= What you are asked to do =
Reproduce without any pictures the lines from the one that contains "Ruhige zentral gelegene" through the end of the records, exactly as written.

Image-caption web data:
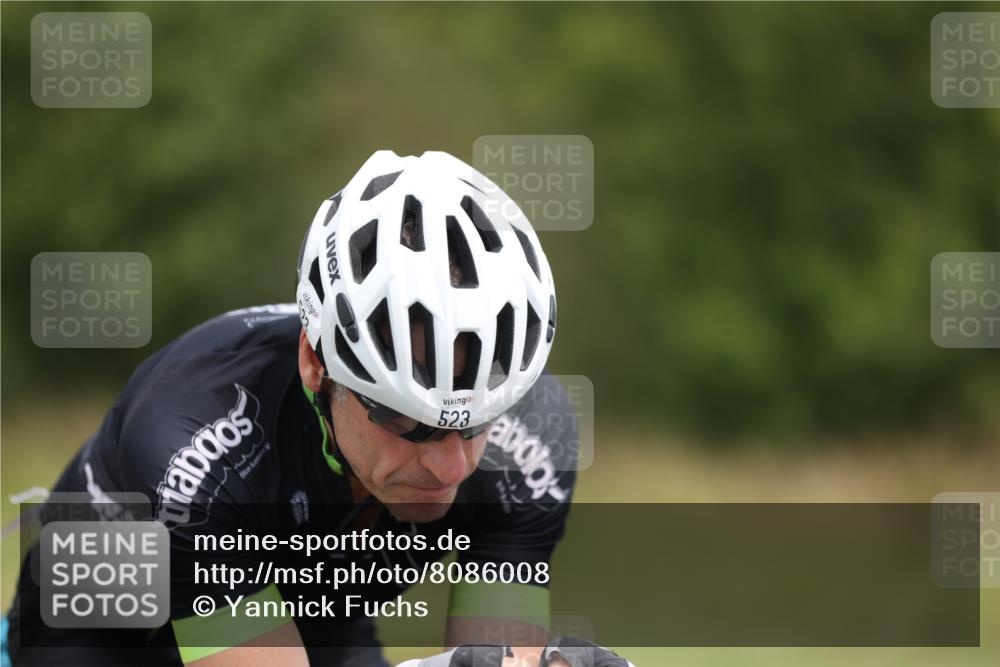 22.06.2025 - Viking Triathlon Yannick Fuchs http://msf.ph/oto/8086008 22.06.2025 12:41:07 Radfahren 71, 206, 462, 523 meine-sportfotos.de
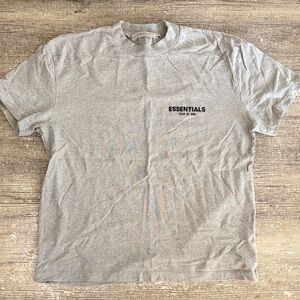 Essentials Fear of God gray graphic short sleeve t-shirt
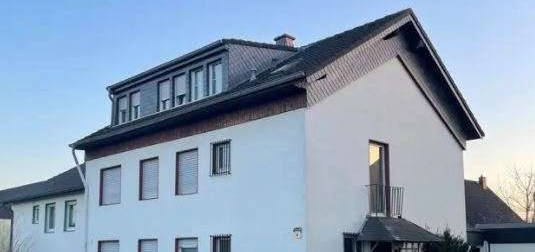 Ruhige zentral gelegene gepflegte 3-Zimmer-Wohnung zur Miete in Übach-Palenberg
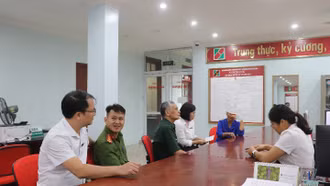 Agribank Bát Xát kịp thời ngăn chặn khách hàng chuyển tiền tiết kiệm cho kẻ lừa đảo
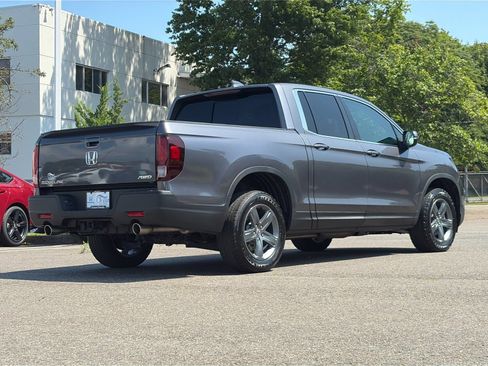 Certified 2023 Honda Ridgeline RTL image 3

= Exercise output =
 Ruhige zentral gelegene gepflegte 3-Zimmer-Wohnung zur Miete in Übach-Palenberg
 Agribank Bát Xát kịp thời ngăn chặn khách hàng chuyển tiền tiết kiệm cho kẻ lừa đảo
 Certified 2023 Honda Ridgeline RTL image 3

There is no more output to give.